Oltre 20 militari durante tutta la notte, hanno proceduto a controllare gli operatori commerciali presenti, con il supporto tecnico del servizio veterinario dell’Azienda Sanitaria Provinciale di Cosenza. Durante i controlli sono emerse diverse irregolarità, alcune in violazione di norme penali ed altre di tipo amministrativo, per cui 8 persone sono state segnalate alla Procura della Repubblica di Castrovillari ed una è stata multata per 1500 Euro.
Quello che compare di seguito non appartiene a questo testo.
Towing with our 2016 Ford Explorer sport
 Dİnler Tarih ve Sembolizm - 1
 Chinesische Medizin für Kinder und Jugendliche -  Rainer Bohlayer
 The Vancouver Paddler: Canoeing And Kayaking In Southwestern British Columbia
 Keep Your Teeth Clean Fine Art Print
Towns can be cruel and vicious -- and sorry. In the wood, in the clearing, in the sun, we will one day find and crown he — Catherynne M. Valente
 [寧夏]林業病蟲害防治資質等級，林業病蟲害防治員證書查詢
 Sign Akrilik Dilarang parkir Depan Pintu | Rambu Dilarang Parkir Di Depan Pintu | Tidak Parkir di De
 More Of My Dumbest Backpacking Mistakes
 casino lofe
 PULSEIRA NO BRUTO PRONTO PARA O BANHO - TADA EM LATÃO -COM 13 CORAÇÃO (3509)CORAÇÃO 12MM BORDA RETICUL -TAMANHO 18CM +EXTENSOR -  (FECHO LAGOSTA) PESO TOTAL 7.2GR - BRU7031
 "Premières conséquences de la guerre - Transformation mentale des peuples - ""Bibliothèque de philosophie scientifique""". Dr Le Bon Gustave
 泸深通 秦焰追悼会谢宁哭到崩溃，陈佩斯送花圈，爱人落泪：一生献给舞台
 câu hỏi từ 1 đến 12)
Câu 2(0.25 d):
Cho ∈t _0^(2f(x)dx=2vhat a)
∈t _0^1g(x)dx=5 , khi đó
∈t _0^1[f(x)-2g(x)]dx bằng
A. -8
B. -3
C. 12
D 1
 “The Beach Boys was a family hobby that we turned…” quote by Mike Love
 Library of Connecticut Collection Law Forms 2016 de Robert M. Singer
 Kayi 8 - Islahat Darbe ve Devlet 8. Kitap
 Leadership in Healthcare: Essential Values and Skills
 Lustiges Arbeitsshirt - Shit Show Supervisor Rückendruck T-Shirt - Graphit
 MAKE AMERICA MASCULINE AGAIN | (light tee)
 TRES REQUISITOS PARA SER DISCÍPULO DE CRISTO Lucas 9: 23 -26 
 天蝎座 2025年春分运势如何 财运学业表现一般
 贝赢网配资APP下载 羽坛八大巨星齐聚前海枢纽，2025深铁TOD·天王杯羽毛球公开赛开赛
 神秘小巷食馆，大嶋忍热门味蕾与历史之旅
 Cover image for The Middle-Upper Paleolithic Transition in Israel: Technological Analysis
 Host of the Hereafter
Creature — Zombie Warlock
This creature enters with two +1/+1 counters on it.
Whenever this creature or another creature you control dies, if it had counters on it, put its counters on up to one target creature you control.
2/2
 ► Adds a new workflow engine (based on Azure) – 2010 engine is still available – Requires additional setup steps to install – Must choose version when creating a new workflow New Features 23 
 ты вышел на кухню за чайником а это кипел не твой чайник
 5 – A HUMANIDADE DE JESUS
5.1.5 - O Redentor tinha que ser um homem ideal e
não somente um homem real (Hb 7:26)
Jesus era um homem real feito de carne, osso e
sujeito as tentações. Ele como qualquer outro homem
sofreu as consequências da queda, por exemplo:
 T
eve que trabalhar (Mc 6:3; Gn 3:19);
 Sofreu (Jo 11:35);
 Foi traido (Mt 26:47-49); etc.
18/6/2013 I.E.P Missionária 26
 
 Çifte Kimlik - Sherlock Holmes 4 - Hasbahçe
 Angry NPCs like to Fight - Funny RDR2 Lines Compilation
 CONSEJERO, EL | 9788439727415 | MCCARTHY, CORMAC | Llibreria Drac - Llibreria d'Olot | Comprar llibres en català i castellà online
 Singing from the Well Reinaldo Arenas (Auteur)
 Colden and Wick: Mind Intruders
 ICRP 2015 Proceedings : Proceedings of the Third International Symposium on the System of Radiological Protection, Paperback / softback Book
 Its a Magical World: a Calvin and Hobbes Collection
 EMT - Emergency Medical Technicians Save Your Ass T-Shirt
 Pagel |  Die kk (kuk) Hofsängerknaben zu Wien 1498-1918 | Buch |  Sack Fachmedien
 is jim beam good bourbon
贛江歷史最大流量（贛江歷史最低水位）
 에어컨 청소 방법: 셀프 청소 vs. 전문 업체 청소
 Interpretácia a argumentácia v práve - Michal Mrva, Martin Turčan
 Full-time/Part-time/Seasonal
Si tratta in particolare di alcuni operatori, che in violazione del Regolamento comunitario 1967/2006, sono stati sorpresi a commercializzare oltre 30 chili di pesce sotto misura tra cui triglie e naselli, anche provenienti da grossisti fuori regione. In alcuni box è stata riscontrata la presenza di prodotti ittici tra cui totani argentini e ali di razza dell’Atlantico, ricongelati e poi nuovamente in fase di scongelamento a temperatura ambiente e pertanto deteriorabili e non commestibili. Ancora, in una cella frigo sono stati rinvenuti gamberi di provenienza sconosciuta già scongelati in precedenza e poi ricongelati. Da alcune celle frigo poi, proveniva un forte odore sgradevole; all’interno oltre 200 chili di pesce in cattivo stato di conservazione e non idonei al consumo umano. Un commerciante è stato multato per 1500 per omessa indicazione della provenienza del pesce posto in vendita, in violazione del Regolamento comunitario 178/2002.
Tutto il pesce in questione, 300 chilogrammi, è stato sottoposto a sequestro penale per violazione della normativa in materia di pesca e della normativa sanitaria sulla commercializzazione dei prodotti ittici. I veterinari dell’ASP hanno giudicato commestibile ed idoneo al consumo umano solo 30 chili dei complessivi 300 di pesce sequestrato che così, su autorizzazione del Magistrato di turno presso la Procura di Castrovillari, è stato donato in beneficenza alla mensa della locale Caritas diocesana. Il restante prodotto, non commestibile, è stato avviato a distruzione con ditta autorizzata e a spese dei responsabili del reato.